The dogs sleep on the front seats at night. When we’re driving, Baxter generally sits on the bed and observes the scenery while Bonnie rests on the floor between our seats. Unless she rolls in something, Bonnie stays clean and has a pleasant musky smell. After a day in the woods, Baxter’s curly fur is so full of dirt, twigs, and plant seeds, that he looks and smells like he has been in the woods for months.

I bathe daily with alcohol. As I tell Peggy, “I’m not just clean, I’m sterilized.” She doesn’t find alcohol baths as satisfying, so she uses water sometimes and alcohol sometimes. After three days, she shampoos her hair while I pour cold water over her head. Since I use alcohol on my hair too, I don’t have this problem.

Peggy and I go to places that other people take little interest in. This puts us at less risk of having our van burglarized while we are on a trail, and it reduces problems with the dogs going ballistic when they encounter another person or dog, but the main reason is that we enjoy the wilderness more when we have it to ourselves. Since most people prefer to be around water or near timberline, finding solitude is easy. Ironically, we can get away from people better by staying closer to home. The Cascade crest is seventy road miles from Eugene, while the deep woods of the Middle Fork Ranger District begin at forty. I suspect that most people who drive to the Cascade crest haven’t even heard of the Middle Fork District.

We are also better able to find solitude than most people because we use better maps. The forest service will sell you a topographic district map that shows every last road, but for some reason they won’t display such maps so that you know they exist. The map that they do display is for an entire national forest and is inadequate for our purposes because it only shows a third of the roads and has no elevation lines.

We sometimes use geographic survey maps that depict an area of about 42 square miles, but they are more appropriate for backpackers. We would need to know an awful lot about a small area to require something that detailed, but they are fun to look at in bed on wintry nights. I had never seen a topographic map before moving here from Mississippi, and have since wondered what one for the Mississippi Delta would look like.

We carry short-legged lawn chairs for relaxing around camp. We also carry a toilet seat on legs. We squatted for years, but my knee will no longer bend properly, and Peggy never took to squatting anyway. I initially thought that using a potty was sissified, but I would no longer be without one.

We use a roll-up table for cooking. This was Peggy’s idea, but she is so delighted with her table that I am happy we have it. Yet, when the hour is late, and I’m tired, I sometimes wonder why, if we must cook, we can’t just set the stove on the floor of the van. I have to remind myself that luxuries are essential; it’s just that we require different luxuries, and that she requires a few more than I. Not that I’m counting—heavens no.
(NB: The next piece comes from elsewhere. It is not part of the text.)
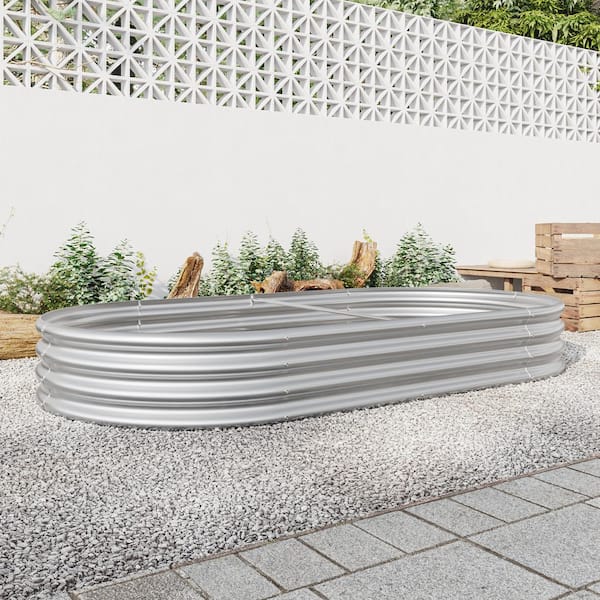 7.4 ft. x 3.7 ft. x 1 ft. Silver Metal Raised Garden Bed, Oval Raised Planter for Growing Flowers, Vegetables, Herbs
Now that I can no longer hike, we might have to take different kinds of trips. This is why our recent vacation put us in contact with so many people. If we had made it purely a backcountry adventure, I would have spent most of my time near the van while Peggy was out hiking with the dogs. By adding a historic/social element, we were able do more together. My love of hiking makes my knee problem more traumatic. We’ve only gone out about four times this season, whereas we usually go at least twice a month.

Desert Wonders


I forgot to address the Indian history of the Fort Rock area. Seventy 9,000-year-old sagebrush sandals were found in a cave there in 1938. More recently, human excrement (see photo) was carbon dated to 14,300 years. I don’t know what was done with the, uh, poop, after it was dated. I would like to see and smell it sometime so I will have something to talk about if I’m ever invited to a dinner party.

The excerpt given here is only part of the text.